> WORK TO BE COMPLETED
All pictures must be dropped, while the entries are given again word for word.

> Scraped caption text data
================================

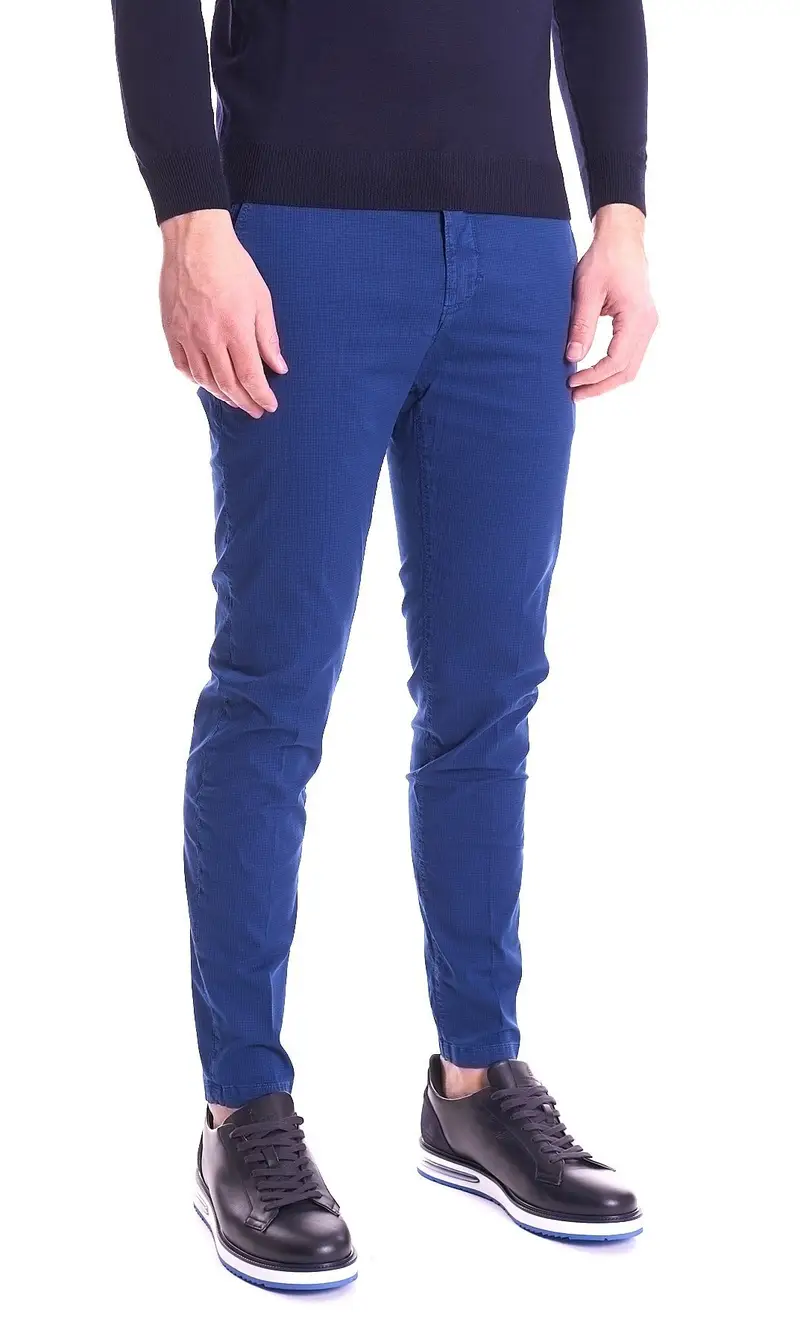 Pantalone yan simmon a fantasia tasche america modello story, colore bluette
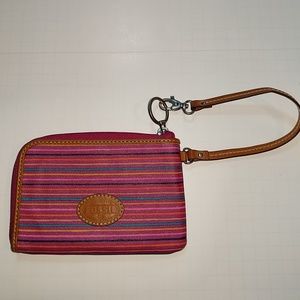 Fossil dark mauve wristlet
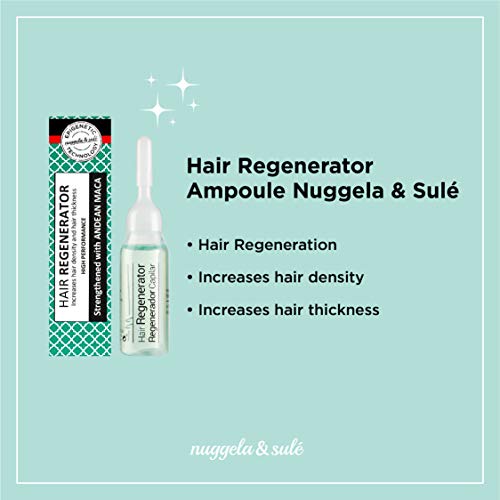 Nuggela & Sulé Tratamiento Regenerador Capilar, 2udsx10ml.- Alto Rendimiento. Ingredientes activos que estimulan el crecimiento del cabello, aumentan su grosor y densidad. Finalista MEJOR PRODUCTO.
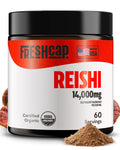 FreshCap Mushrooms Reishi Powder — 14,000mg Organic Dual-Extract, 60 Servings
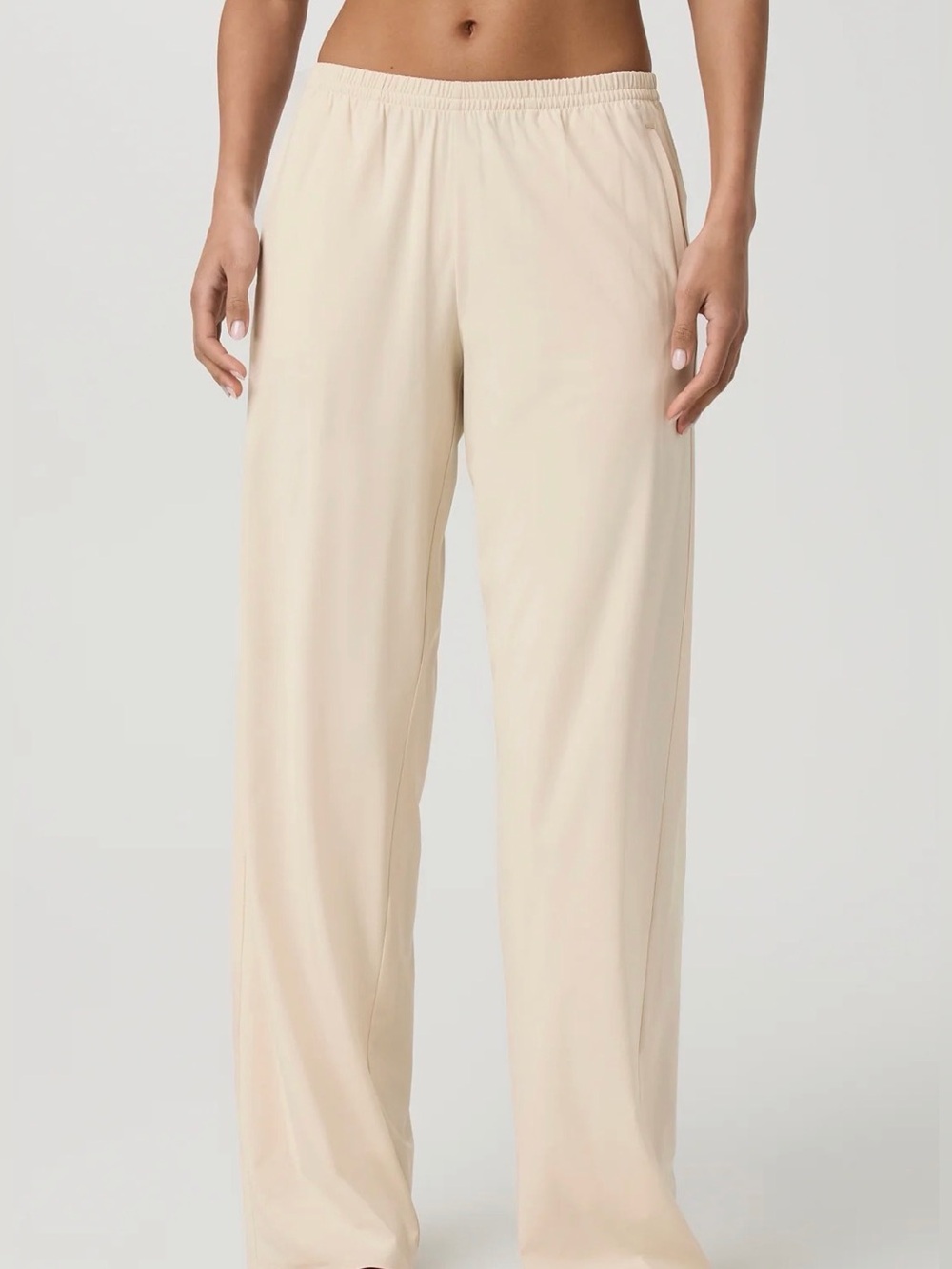 Villa Everyday Wide leg Bleached Sand Pants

================================

> RESPONSE TO THE TASK
 Pantalone yan simmon a fantasia tasche america modello story, colore bluette
 Fossil dark mauve wristlet
 Nuggela & Sulé Tratamiento Regenerador Capilar, 2udsx10ml.- Alto Rendimiento. Ingredientes activos que estimulan el crecimiento del cabello, aumentan su grosor y densidad. Finalista MEJOR PRODUCTO.
 FreshCap Mushrooms Reishi Powder — 14,000mg Organic Dual-Extract, 60 Servings
 Villa Everyday Wide leg Bleached Sand Pants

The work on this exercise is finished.